→ Your assignment
A verbatim copy is needed of the lines below from the one containing "День березы" up to and including the one containing "Coral vine , FLOWERS", excluding pictures.

→ Extracted material
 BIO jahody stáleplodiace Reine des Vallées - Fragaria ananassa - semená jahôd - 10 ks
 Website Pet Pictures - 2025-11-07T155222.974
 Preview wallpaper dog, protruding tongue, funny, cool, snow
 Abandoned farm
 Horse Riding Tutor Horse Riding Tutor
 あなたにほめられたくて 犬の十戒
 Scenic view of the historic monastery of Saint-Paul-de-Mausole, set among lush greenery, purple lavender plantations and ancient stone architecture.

==

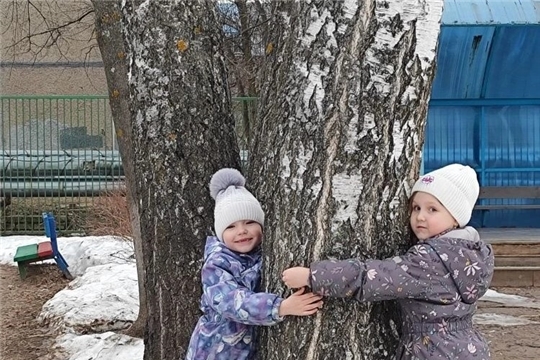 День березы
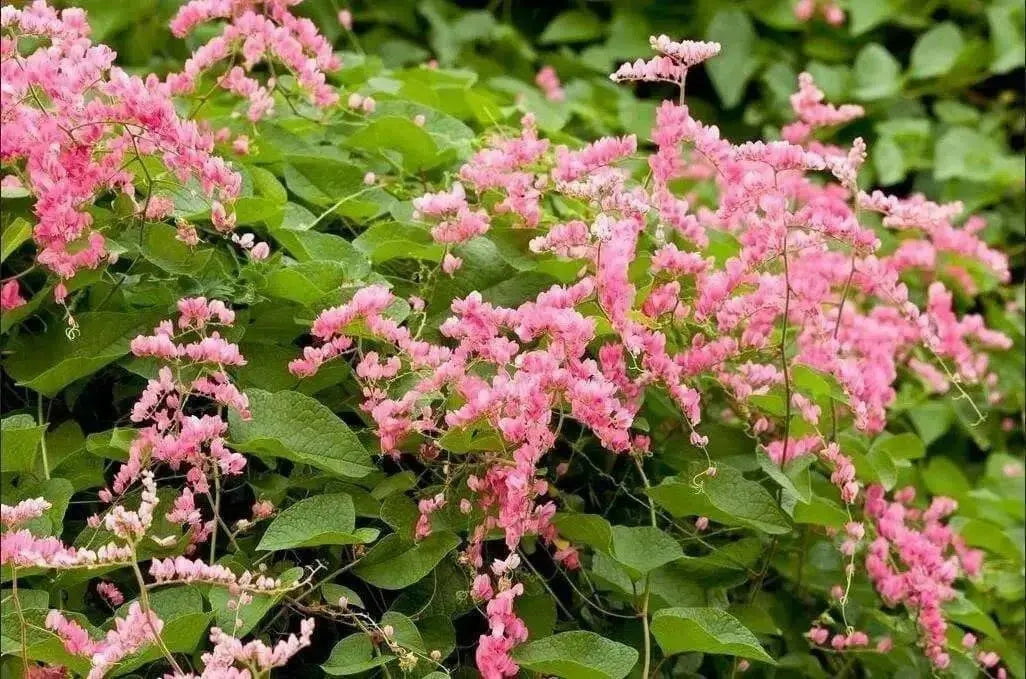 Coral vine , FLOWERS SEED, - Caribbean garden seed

→ Expected answer
 День березы
 Coral vine , FLOWERS SEED, - Caribbean garden seed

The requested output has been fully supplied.